▸ **Data for the task**:
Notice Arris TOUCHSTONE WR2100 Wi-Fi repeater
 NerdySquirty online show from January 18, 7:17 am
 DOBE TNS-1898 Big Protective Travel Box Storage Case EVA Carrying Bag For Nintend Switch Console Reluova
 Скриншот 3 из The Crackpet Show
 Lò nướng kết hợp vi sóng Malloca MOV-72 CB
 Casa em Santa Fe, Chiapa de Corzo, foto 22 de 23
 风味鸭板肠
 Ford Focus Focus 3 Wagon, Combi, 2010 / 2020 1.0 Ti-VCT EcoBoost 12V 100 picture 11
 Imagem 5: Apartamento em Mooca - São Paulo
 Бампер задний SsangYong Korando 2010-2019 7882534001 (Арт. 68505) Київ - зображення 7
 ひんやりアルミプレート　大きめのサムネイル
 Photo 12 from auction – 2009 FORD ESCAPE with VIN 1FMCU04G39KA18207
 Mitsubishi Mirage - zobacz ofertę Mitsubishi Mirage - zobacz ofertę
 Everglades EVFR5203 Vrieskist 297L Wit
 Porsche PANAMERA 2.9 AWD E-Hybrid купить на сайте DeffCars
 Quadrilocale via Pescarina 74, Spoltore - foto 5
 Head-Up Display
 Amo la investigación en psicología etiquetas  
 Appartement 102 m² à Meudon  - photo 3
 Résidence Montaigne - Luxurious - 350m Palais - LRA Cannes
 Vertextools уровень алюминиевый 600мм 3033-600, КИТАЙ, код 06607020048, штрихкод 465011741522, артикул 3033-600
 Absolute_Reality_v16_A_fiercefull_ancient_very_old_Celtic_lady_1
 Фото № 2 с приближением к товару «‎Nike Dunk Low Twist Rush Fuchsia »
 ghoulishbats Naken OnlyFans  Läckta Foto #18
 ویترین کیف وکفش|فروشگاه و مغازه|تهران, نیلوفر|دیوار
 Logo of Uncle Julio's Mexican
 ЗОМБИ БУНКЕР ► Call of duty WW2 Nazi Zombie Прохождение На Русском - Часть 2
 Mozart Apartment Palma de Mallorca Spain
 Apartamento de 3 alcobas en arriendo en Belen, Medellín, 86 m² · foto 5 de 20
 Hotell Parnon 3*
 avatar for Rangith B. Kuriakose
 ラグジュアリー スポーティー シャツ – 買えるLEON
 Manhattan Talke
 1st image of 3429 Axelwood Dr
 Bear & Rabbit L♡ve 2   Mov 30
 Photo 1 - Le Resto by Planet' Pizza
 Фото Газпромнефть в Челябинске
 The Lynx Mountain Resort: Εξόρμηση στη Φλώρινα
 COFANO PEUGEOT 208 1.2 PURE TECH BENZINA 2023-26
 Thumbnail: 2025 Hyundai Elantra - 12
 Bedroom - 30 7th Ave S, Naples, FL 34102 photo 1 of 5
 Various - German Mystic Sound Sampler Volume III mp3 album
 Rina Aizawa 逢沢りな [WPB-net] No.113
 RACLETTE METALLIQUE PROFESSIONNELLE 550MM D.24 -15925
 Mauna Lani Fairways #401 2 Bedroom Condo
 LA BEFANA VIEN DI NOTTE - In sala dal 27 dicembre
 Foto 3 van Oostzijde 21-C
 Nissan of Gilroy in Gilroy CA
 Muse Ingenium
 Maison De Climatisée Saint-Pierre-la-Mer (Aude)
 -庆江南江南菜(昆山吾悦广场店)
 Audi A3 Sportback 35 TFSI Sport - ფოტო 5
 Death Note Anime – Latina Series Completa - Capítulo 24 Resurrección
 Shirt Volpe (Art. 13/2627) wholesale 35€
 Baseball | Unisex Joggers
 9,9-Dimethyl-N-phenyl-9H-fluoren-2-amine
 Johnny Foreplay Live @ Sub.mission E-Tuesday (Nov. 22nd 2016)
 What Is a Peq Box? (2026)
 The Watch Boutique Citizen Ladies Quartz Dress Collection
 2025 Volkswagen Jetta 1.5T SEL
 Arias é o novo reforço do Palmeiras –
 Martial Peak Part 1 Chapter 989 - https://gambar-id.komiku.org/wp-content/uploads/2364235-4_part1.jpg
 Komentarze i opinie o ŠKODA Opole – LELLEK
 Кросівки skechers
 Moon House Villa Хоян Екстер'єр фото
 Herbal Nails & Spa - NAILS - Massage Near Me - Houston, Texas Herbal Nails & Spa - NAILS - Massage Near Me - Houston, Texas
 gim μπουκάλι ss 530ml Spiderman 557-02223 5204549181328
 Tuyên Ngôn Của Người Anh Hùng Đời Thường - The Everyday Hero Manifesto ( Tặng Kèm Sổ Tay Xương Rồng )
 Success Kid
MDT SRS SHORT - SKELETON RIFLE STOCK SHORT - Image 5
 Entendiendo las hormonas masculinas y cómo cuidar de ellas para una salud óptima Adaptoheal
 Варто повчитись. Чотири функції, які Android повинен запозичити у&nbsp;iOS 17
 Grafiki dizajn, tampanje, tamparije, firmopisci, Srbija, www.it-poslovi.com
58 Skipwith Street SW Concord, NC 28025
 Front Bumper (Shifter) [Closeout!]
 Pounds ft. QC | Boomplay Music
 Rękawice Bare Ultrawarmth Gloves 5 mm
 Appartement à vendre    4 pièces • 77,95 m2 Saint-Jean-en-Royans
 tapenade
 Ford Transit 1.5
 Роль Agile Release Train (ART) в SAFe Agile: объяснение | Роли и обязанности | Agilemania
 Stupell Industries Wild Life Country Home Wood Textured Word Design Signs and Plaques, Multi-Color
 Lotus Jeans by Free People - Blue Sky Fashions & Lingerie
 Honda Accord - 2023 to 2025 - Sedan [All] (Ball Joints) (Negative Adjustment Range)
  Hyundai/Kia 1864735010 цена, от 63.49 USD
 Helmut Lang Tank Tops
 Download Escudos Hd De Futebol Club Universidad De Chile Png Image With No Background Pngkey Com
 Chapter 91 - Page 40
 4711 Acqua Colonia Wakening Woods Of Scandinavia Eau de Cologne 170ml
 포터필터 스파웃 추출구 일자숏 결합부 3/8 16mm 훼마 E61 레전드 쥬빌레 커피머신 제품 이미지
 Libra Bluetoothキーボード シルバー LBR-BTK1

▸ **Goal of the exercise**: Your answer should be the exact lines above from the one with "Hotell Parnon 3*" through the one with "Фото Газпромнефть в Челябинске", both included, and nothing besides.

▸ **Result of this exercise**:
 Hotell Parnon 3*
 avatar for Rangith B. Kuriakose
 ラグジュアリー スポーティー シャツ – 買えるLEON
 Manhattan Talke
 1st image of 3429 Axelwood Dr
 Bear & Rabbit L♡ve 2   Mov 30
 Photo 1 - Le Resto by Planet' Pizza
 Фото Газпромнефть в Челябинске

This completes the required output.